If you take a quantitative, cost-based approach to modeling security through
adversarial capability, obscurity becomes a perfectly valid security measure
if it's not used _in isolation._ We don't use it for cryptography because the
tradeoffs aren't worth it. It's better to design cryptography with provable
security based on mathematically rigorous computational hardness assumptions
than it is to make secret algorithms.

In the context of application security, if the decision to obscure some or all
of your system incurs a non-trivial cost to an adversary, it makes sense. We
can't rigorously and mathematically prove the security of applications in the
same way we can prove e.g. an algorithm is sub-exponential instead of
polynomial time.

You often see "security through obscurity" mentioned in the same way that
people cite "appeal to authority" or "ad hominem" fallacies in internet
debates. The reality is more complex than that.
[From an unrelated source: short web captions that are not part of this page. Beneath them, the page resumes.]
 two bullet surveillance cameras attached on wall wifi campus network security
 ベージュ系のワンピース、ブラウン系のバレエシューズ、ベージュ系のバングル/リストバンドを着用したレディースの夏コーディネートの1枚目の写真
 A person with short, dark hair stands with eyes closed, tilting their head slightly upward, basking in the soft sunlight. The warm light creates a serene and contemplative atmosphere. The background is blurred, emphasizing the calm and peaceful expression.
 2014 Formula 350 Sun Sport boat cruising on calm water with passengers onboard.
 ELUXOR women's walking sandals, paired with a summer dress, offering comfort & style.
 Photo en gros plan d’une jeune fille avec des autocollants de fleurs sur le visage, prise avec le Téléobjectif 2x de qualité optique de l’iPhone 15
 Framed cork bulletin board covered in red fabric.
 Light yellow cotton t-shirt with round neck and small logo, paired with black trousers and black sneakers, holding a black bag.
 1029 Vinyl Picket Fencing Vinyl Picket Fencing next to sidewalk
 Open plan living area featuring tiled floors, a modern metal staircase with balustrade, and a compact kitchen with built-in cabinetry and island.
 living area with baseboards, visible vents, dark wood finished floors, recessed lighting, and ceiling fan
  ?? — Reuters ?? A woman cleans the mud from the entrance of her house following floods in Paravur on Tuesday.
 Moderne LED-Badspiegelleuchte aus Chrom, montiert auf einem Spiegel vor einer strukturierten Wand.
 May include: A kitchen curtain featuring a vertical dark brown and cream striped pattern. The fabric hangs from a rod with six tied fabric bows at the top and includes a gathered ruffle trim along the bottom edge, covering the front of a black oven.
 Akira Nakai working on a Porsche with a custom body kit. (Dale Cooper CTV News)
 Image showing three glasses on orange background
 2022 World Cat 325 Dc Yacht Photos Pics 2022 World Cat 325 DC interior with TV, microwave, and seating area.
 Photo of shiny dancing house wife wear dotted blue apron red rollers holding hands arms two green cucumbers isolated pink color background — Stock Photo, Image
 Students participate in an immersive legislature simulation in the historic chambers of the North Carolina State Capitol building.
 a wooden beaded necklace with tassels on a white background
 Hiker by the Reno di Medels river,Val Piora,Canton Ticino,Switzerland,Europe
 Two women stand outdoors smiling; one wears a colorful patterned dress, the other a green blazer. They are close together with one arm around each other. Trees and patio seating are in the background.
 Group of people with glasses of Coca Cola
Fundamentally, anything that
increases the effort required by an adversary to successfully compromise your
system is worth considering. You just shouldn't depend on it in its entirety.
Closed-source software is a good example of robust security through obscurity,
as basically any security engineer will tell you (I'd rather look at source
code line by line to find vulnerabilities than try to find them through trial
and error in a penetration test).

------
CodeArtisan
Why Reddit has been rewritten in python:

[https://redditblog.com/2005/12/05/on-
lisp/](https://redditblog.com/2005/12/05/on-lisp/)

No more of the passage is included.